I guess it's possible though because I've read reports of a pipeline between Oman and India being welded together at depths up to 11,500 feet, but I can't find anywhere what technique they used.


----------



## slick (Jun 1, 2010)

wilheldp_PE said:


> Well, my guess would be that welding at that depth would be a major PITA. The head of the well is at 5000 feet below the surface of the ocean. The deepest that a human has dived in a hard suit is 2000 feet. Dry hyperbaric welding welding has been simulated in a lab to a depth of 8200 feet.
> I guess it's possible though because I've read reports of a pipeline between Oman and India being welded together at depths up to 11,500 feet, but I can't find anywhere what technique they used.


great, now we know that part is possible.

i've refined my idea.

http://leakidea.blogspot.com/2010/05/anoth...p-oil-leak.html


----------



## Supe (Jun 1, 2010)

The odds of getting a dry dock down there with oil bellowing everywhere is slim. I haven't seen any advertised pressures, but a wet welded end cap would likely fail in short order (you will almost never seen wet underwater pressure welds, mostly sleeve applications to act as a cladding/corrosion for structural applications), not to mention you would first have to facilitate a machining operation underwater to provide a squared end prep, plus the hot tap operation. And even hot tapping will not stop the flow of oil out of the broken end, only reduce it, as you're not putting an inline valve there to divert the flow entirely.


----------



## benbo (Jun 1, 2010)

Supe said:


> The odds of getting a dry dock down there with oil bellowing everywhere is slim. I haven't seen any advertised pressures, but a wet welded end cap would likely fail in short order (you will almost never seen wet underwater pressure welds, mostly sleeve applications to act as a cladding/corrosion for structural applications), not to mention you would first have to facilitate a machining operation underwater to provide a squared end prep, plus the hot tap operation. And even hot tapping will not stop the flow of oil out of the broken end, only reduce it, as you're not putting an inline valve there to divert the flow entirely.
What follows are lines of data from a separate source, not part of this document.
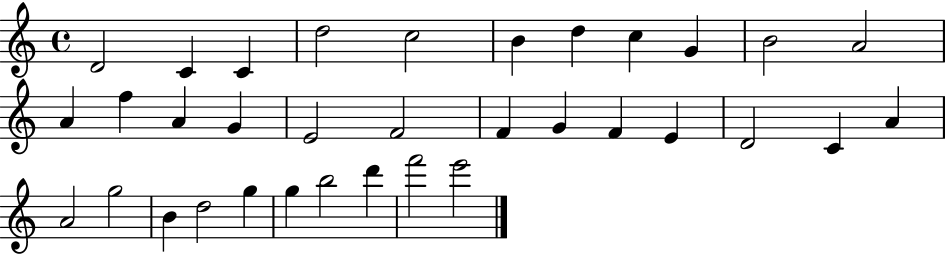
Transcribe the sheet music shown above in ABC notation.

X:1
T:Untitled
M:4/4
L:1/4
K:C
D2 C C d2 c2 B d c G B2 A2 A f A G E2 F2 F G F E D2 C A A2 g2 B d2 g g b2 d' f'2 e'2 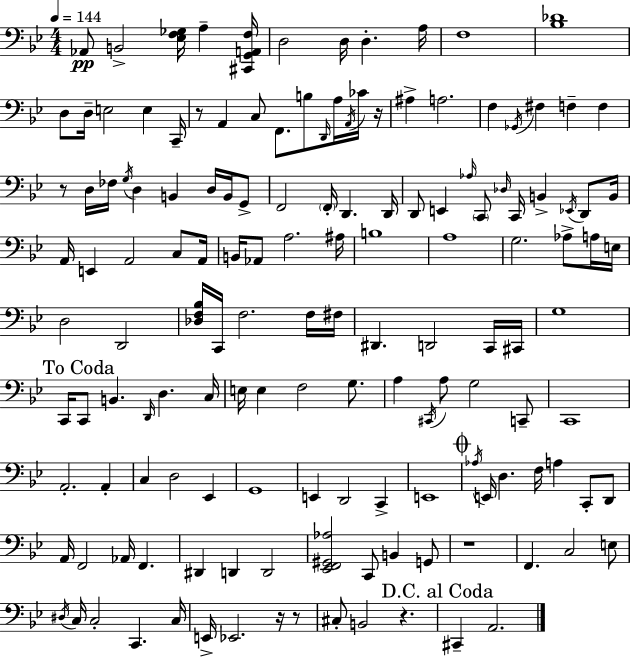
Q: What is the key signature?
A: G minor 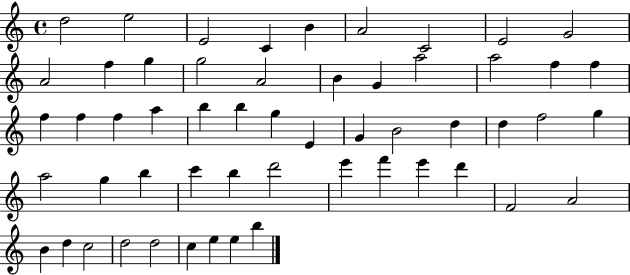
D5/h E5/h E4/h C4/q B4/q A4/h C4/h E4/h G4/h A4/h F5/q G5/q G5/h A4/h B4/q G4/q A5/h A5/h F5/q F5/q F5/q F5/q F5/q A5/q B5/q B5/q G5/q E4/q G4/q B4/h D5/q D5/q F5/h G5/q A5/h G5/q B5/q C6/q B5/q D6/h E6/q F6/q E6/q D6/q F4/h A4/h B4/q D5/q C5/h D5/h D5/h C5/q E5/q E5/q B5/q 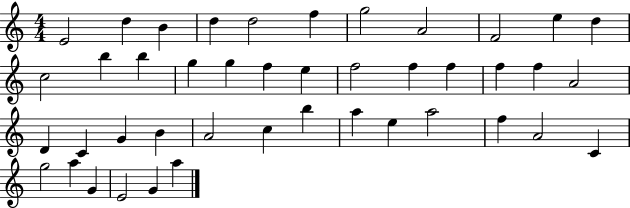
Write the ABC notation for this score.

X:1
T:Untitled
M:4/4
L:1/4
K:C
E2 d B d d2 f g2 A2 F2 e d c2 b b g g f e f2 f f f f A2 D C G B A2 c b a e a2 f A2 C g2 a G E2 G a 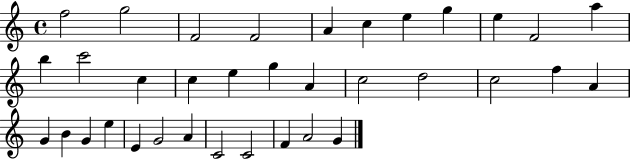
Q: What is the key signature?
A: C major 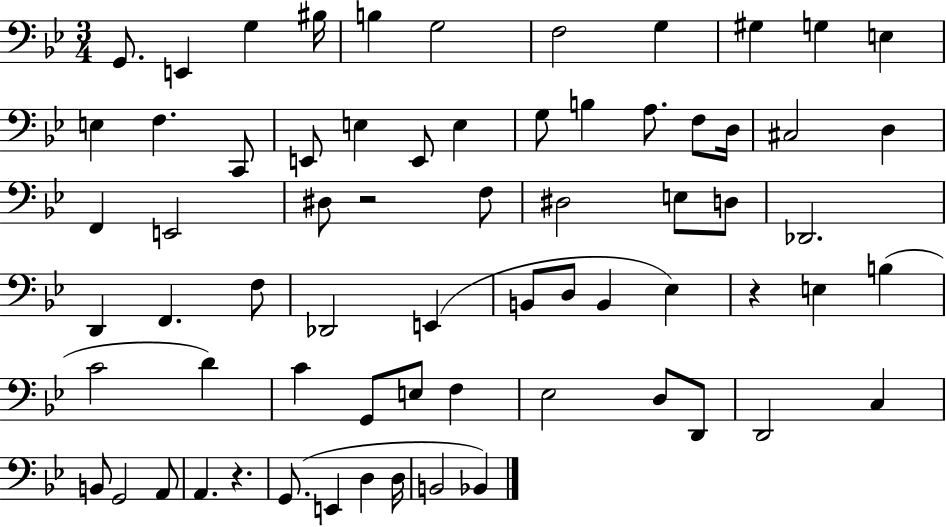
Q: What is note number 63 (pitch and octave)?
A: D3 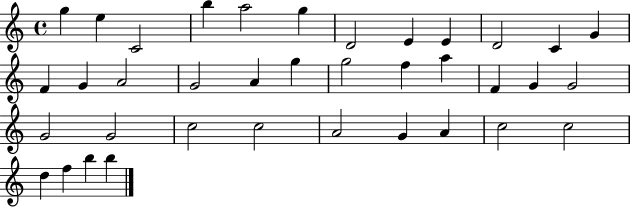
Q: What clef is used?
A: treble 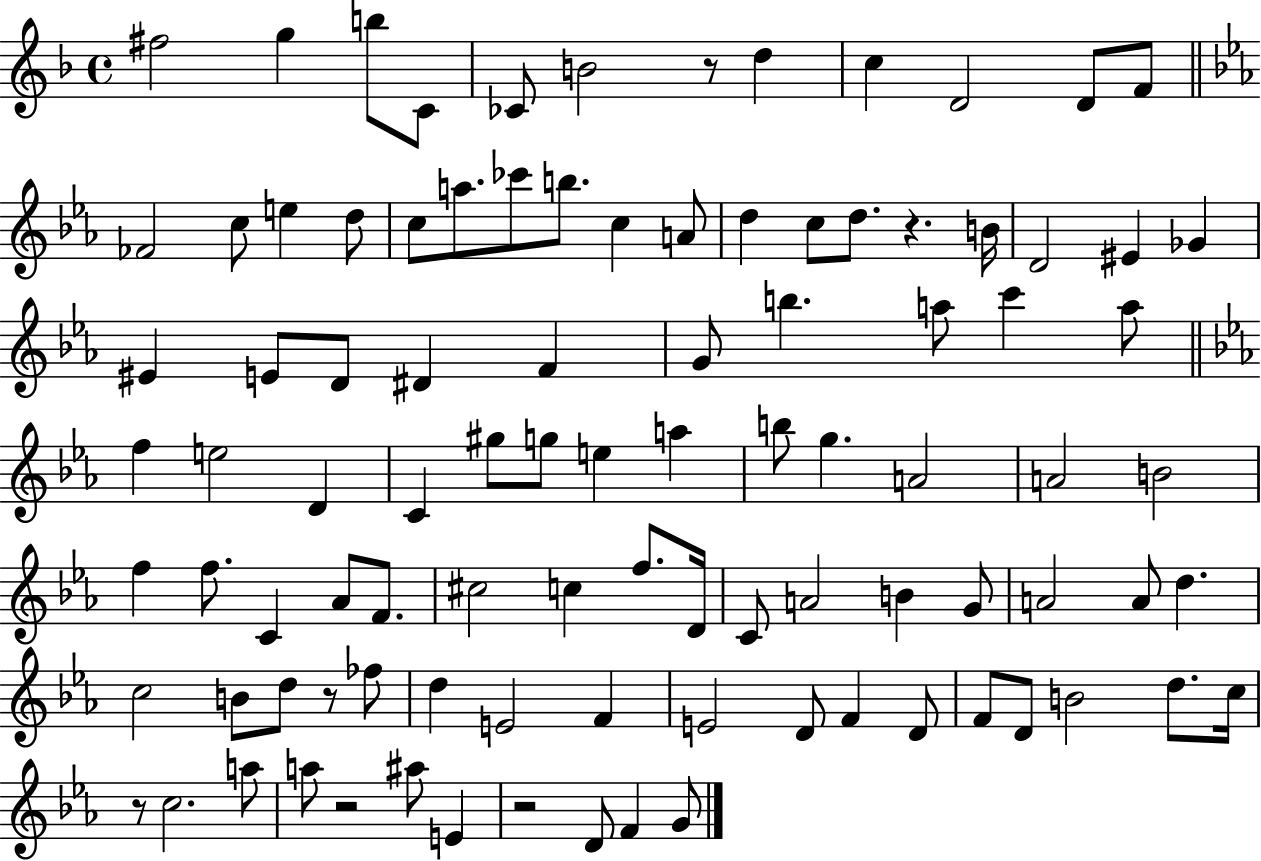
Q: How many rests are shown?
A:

You better listen to him, he's pre-med.


----------



## Supe (Jun 1, 2010)

No, but I did weld in the parking lot of a Holiday Inn Express last night.

Seriously though, unless you could somehow dry dock it, making a weld underwater at those temperatures makes for a VERY strong likelihood of hydrogen-induced cracking, which is why you will rarely see wet pressure-retaining welds made. It could be feasible with some sort of clamp to cap off the end though. I have seen some pretty sophisticated clamping systems intended as "temporary" solutions to pipeline leaks, and ended up being left in service far longer than were intended.


----------



## Chucktown PE (Jun 1, 2010)

I'm just going to assume that since BP has spent roughly $1 billion trying to cap this thing already, that they probably have some pretty good engineers trying to figure this thing out, and they're going with the most plausible solutions, instead of going after red herring. I'm also guessing they need something a little more detailed than an MS paint drawing as well.


----------



## Supe (Jun 1, 2010)

Chucktown PE said:


> I'm just going to assume that since BP has spent roughly $1 billion trying to cap this thing already, that they probably have some pretty good engineers trying to figure this thing out, and they're going with the most plausible solutions, instead of going after red herring. I'm also guessing they need something a little more detailed than an MS paint drawing as well.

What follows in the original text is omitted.